(RAW DATA)

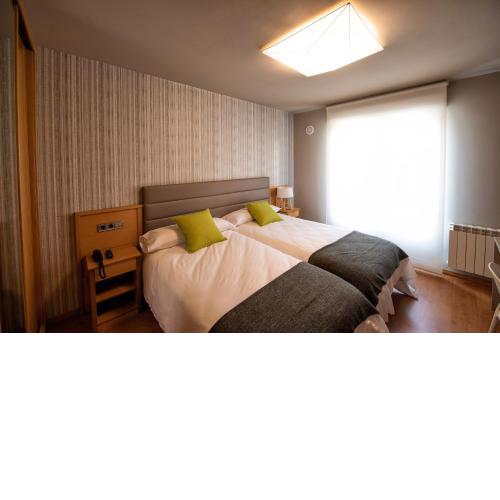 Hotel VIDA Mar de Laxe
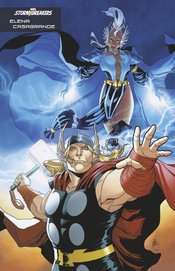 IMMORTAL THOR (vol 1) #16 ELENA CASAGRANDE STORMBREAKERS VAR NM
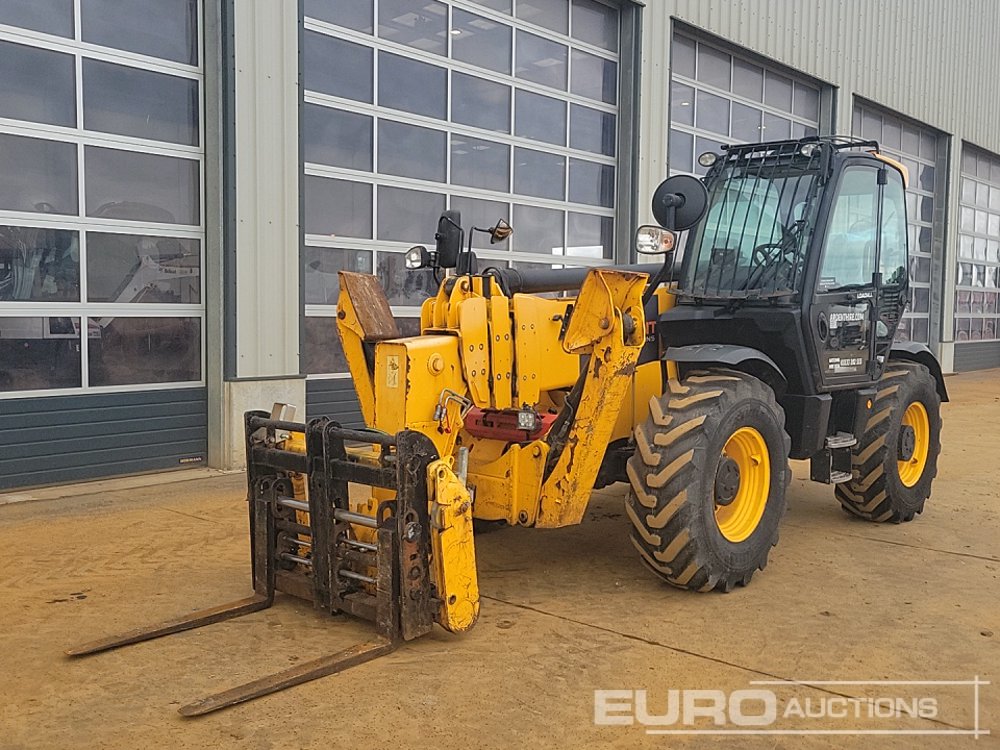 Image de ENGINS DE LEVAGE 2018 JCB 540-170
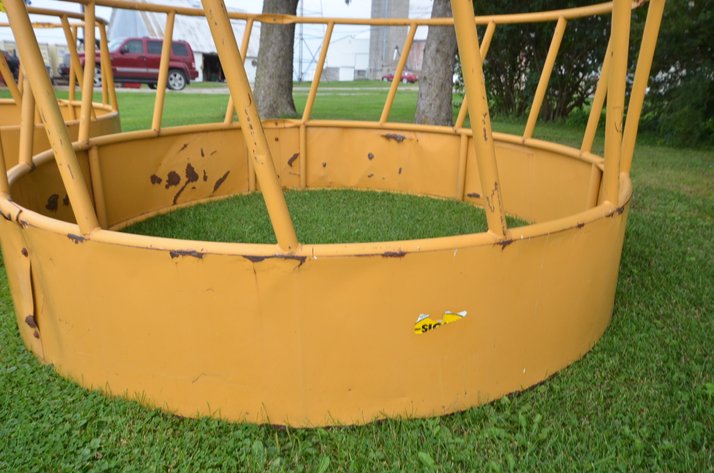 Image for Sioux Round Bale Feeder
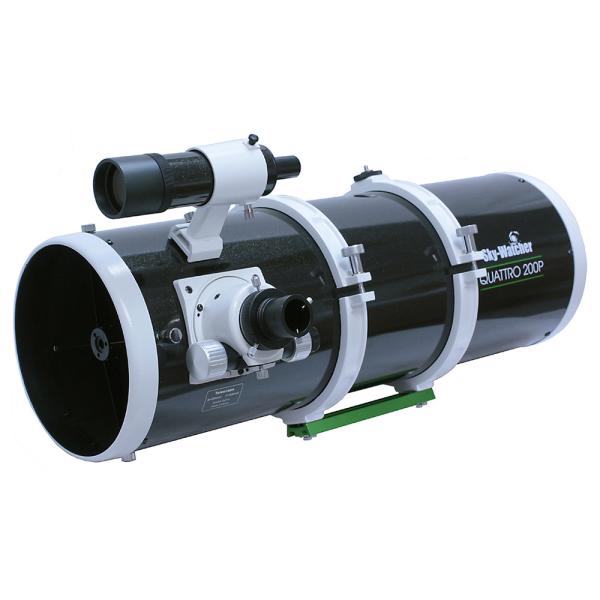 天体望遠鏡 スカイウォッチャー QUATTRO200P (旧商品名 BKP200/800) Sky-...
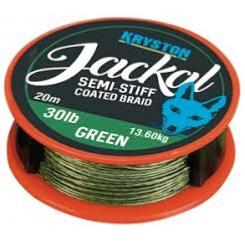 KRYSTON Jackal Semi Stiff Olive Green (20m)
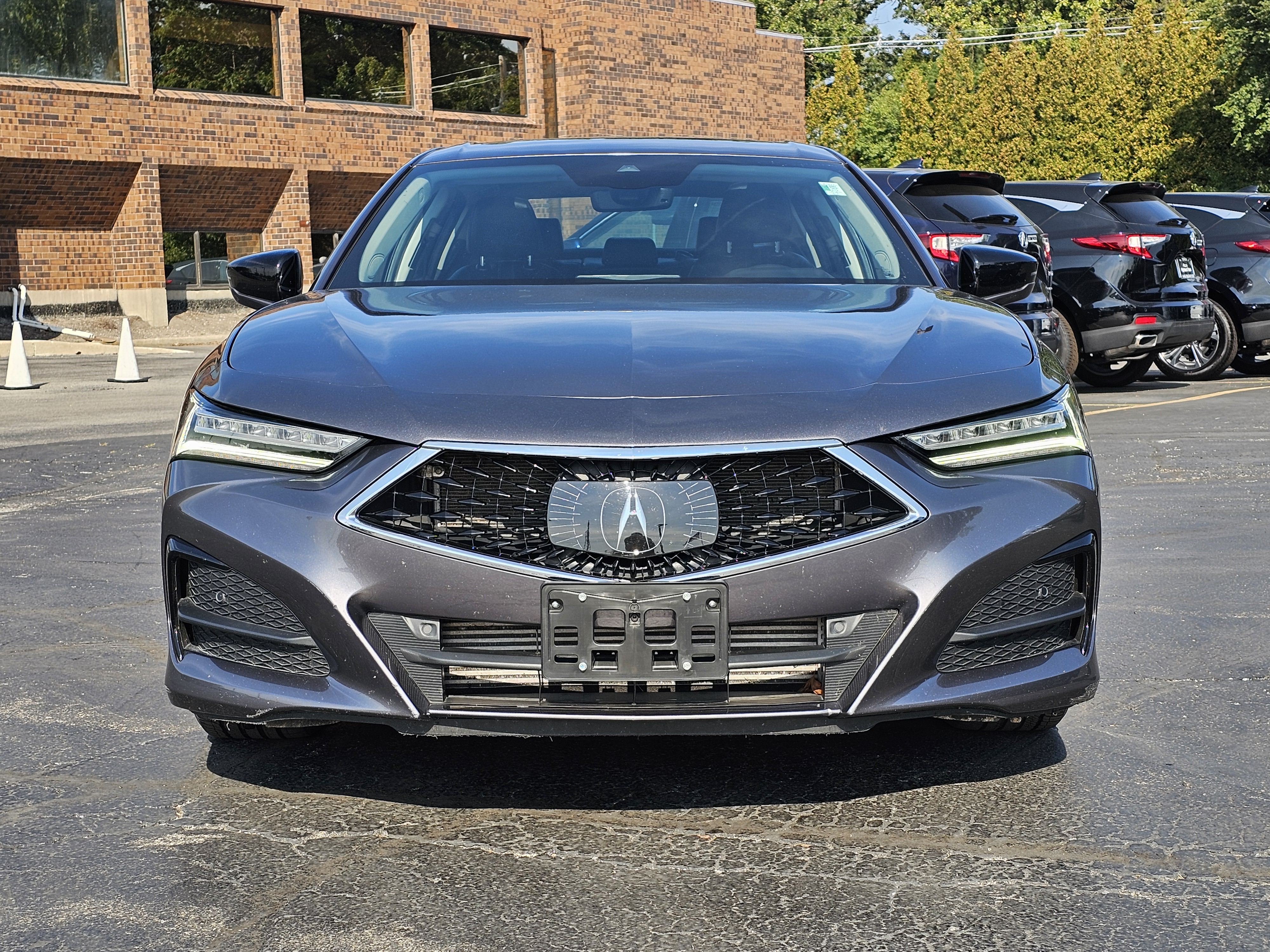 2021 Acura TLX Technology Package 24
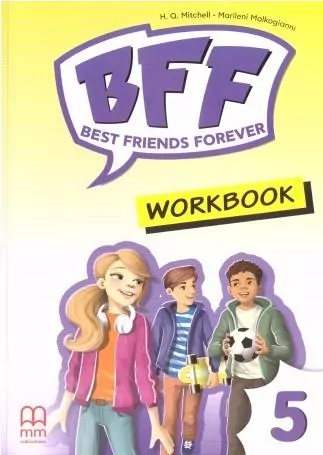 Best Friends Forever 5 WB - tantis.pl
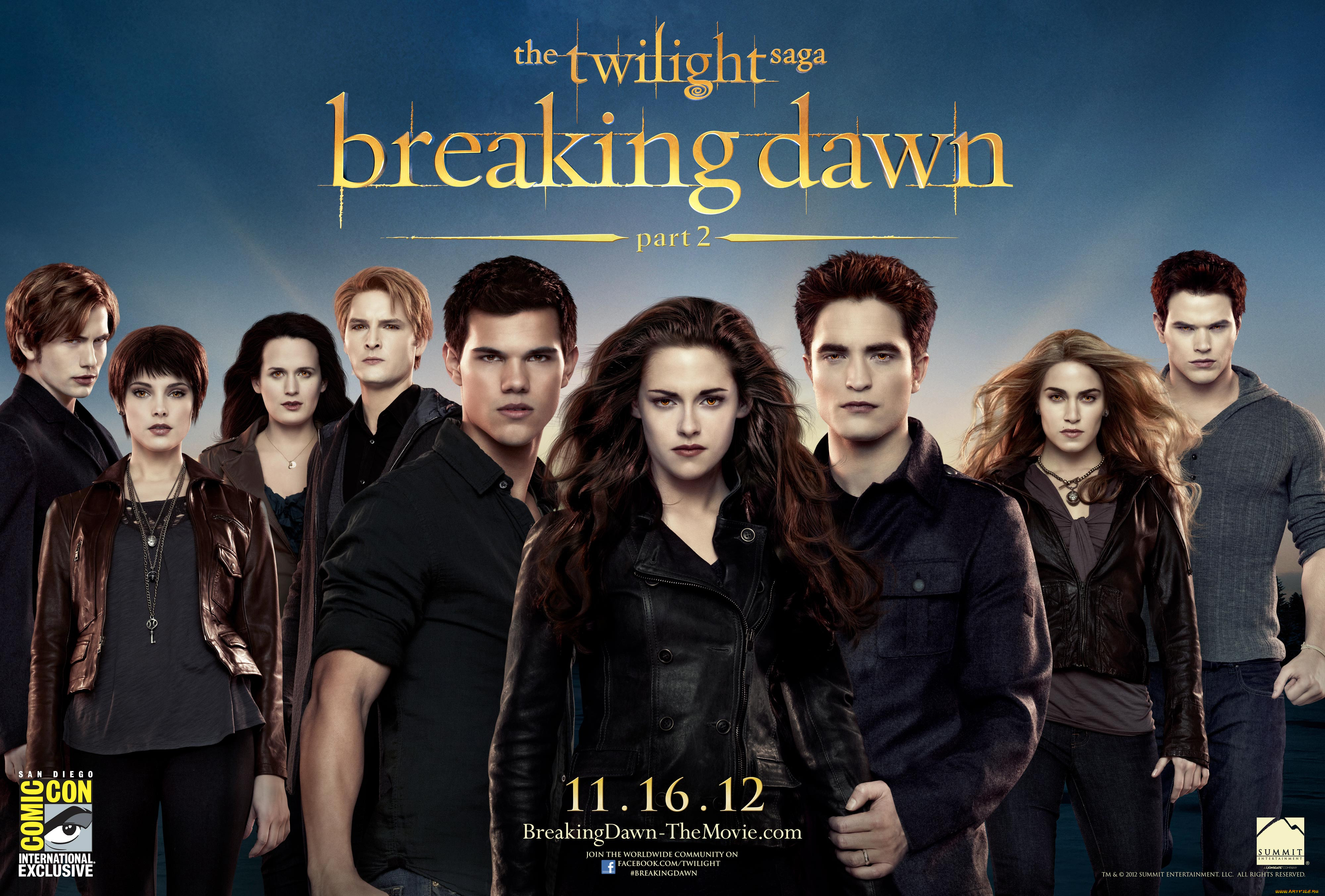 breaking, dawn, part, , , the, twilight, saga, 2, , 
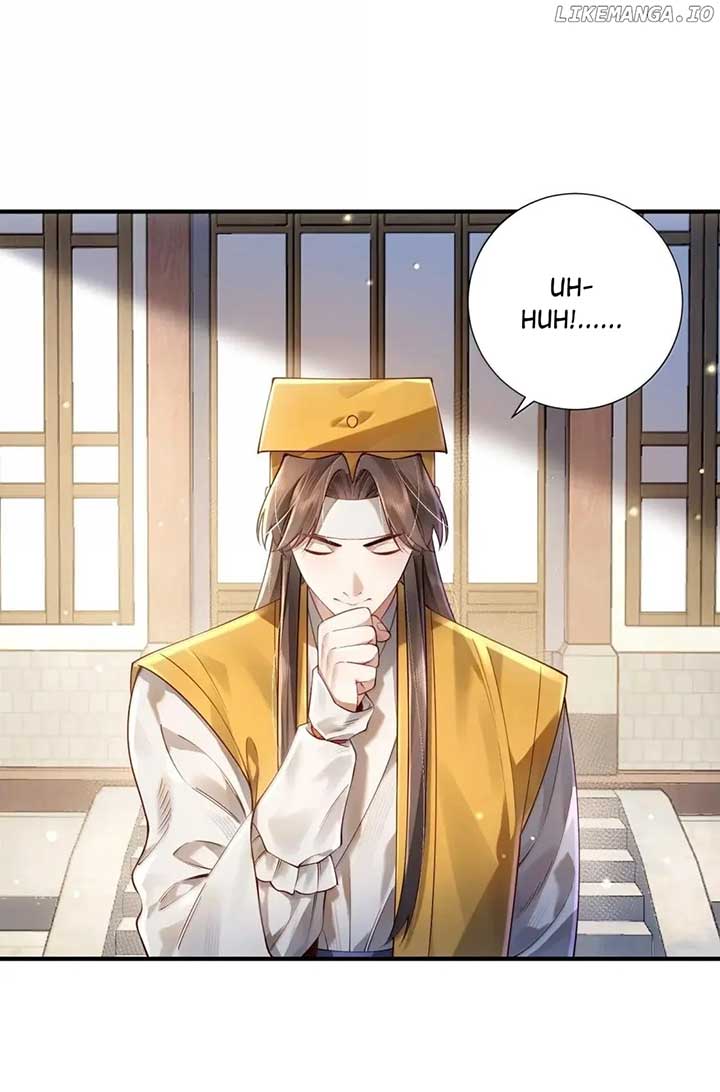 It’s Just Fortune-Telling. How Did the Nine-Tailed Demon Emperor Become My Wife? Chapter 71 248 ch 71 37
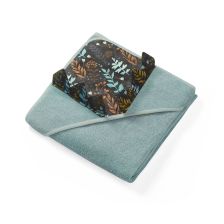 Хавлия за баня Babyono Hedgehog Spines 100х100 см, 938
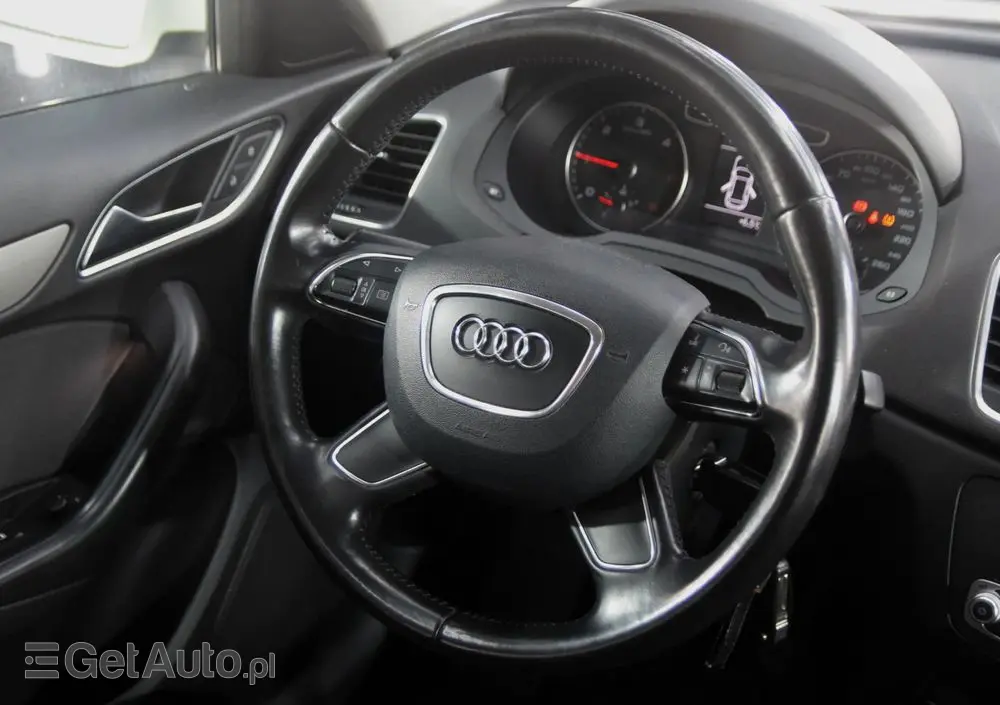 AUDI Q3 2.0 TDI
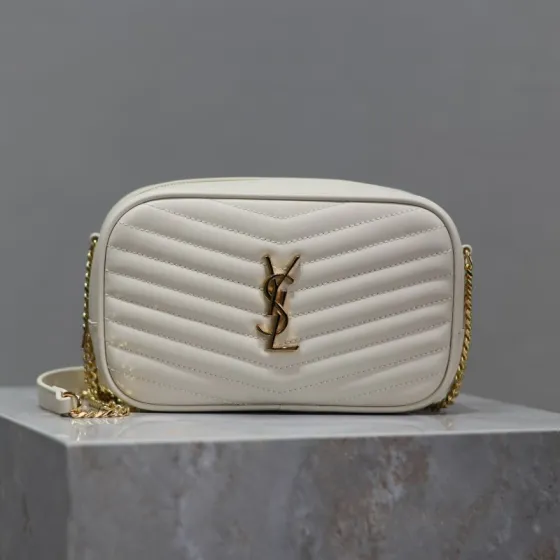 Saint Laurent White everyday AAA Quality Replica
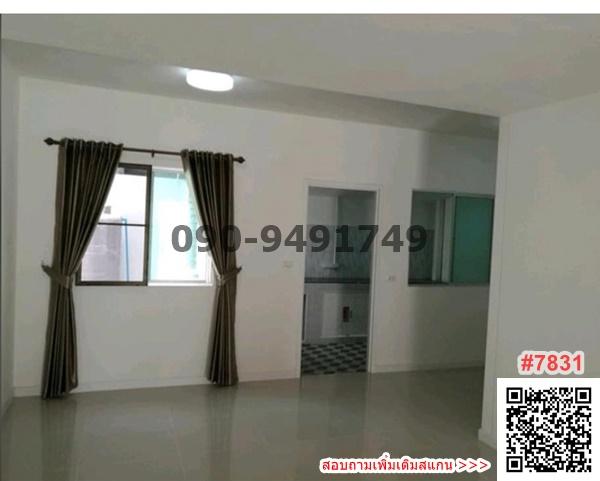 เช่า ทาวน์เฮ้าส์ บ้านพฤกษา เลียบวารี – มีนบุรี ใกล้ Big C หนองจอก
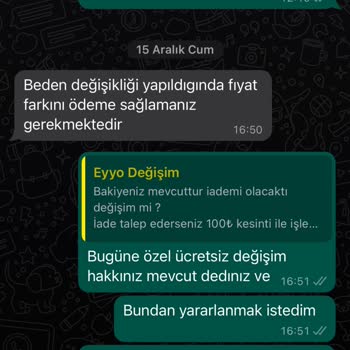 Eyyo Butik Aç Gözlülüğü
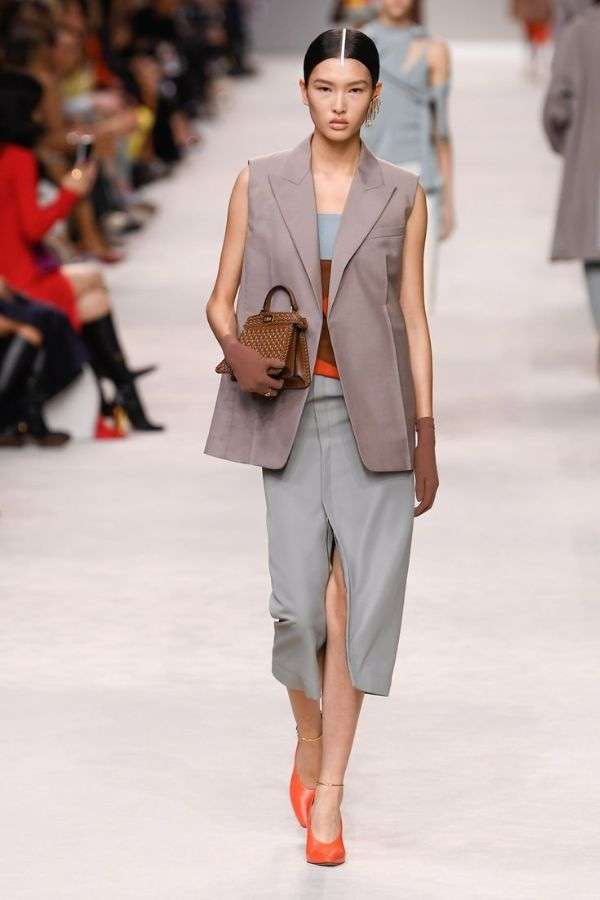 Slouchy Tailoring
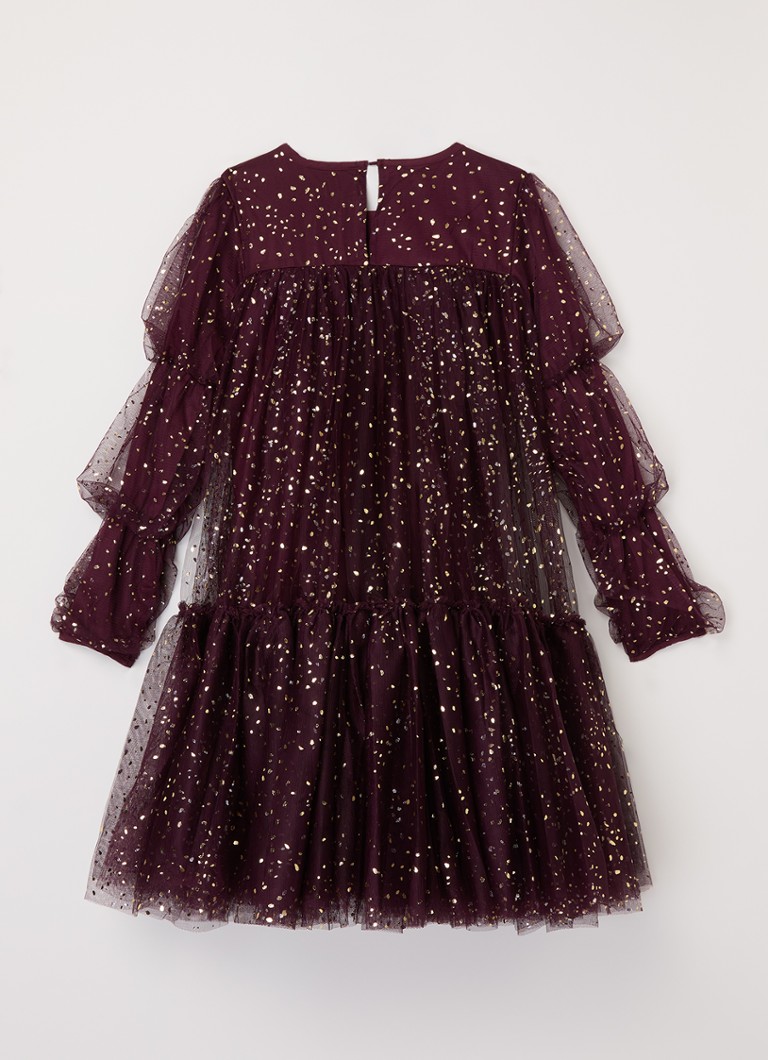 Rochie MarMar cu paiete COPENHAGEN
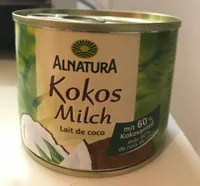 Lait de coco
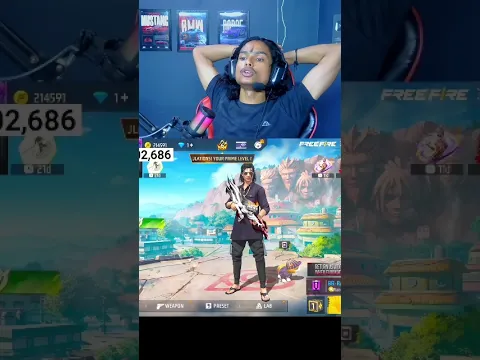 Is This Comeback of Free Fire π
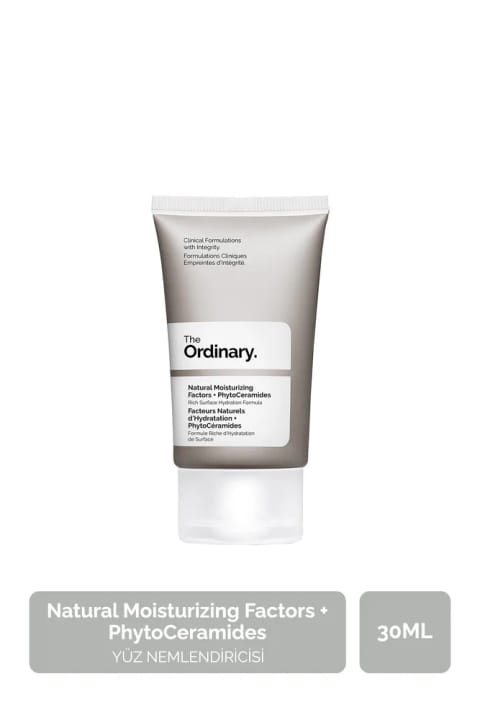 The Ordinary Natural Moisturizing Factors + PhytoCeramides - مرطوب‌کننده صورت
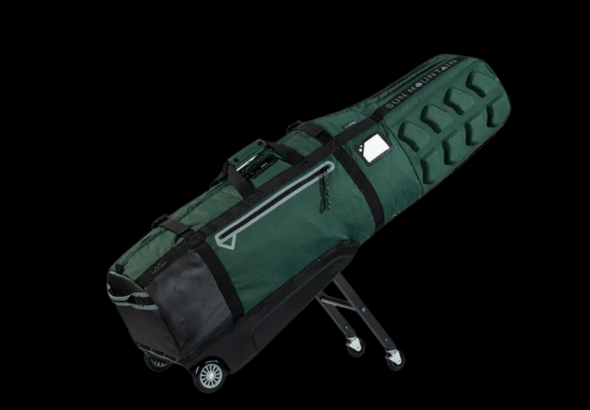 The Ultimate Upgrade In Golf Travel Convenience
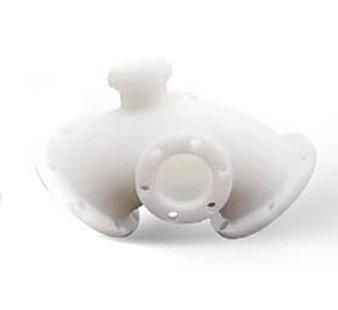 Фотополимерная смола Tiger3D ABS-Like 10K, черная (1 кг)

(End RAW DATA)

[PROBLEM DESCRIPTION]
Your copy must match the records above word for word and contain no pictures.

[FINISHED EXERCISE]
 Hotel VIDA Mar de Laxe
 IMMORTAL THOR (vol 1) #16 ELENA CASAGRANDE STORMBREAKERS VAR NM
 Image de ENGINS DE LEVAGE 2018 JCB 540-170
 Image for Sioux Round Bale Feeder
 天体望遠鏡 スカイウォッチャー QUATTRO200P (旧商品名 BKP200/800) Sky-...
 KRYSTON Jackal Semi Stiff Olive Green (20m)
 2021 Acura TLX Technology Package 24
 Best Friends Forever 5 WB - tantis.pl
 breaking, dawn, part, , , the, twilight, saga, 2, , 
 It’s Just Fortune-Telling. How Did the Nine-Tailed Demon Emperor Become My Wife? Chapter 71 248 ch 71 37
 Хавлия за баня Babyono Hedgehog Spines 100х100 см, 938
 AUDI Q3 2.0 TDI
 Saint Laurent White everyday AAA Quality Replica
 เช่า ทาวน์เฮ้าส์ บ้านพฤกษา เลียบวารี – มีนบุรี ใกล้ Big C หนองจอก
 Eyyo Butik Aç Gözlülüğü
 Slouchy Tailoring
 Rochie MarMar cu paiete COPENHAGEN
 Lait de coco
 Is This Comeback of Free Fire π
 The Ordinary Natural Moisturizing Factors + PhytoCeramides - مرطوب‌کننده صورت
 The Ultimate Upgrade In Golf Travel Convenience
 Фотополимерная смола Tiger3D ABS-Like 10K, черная (1 кг)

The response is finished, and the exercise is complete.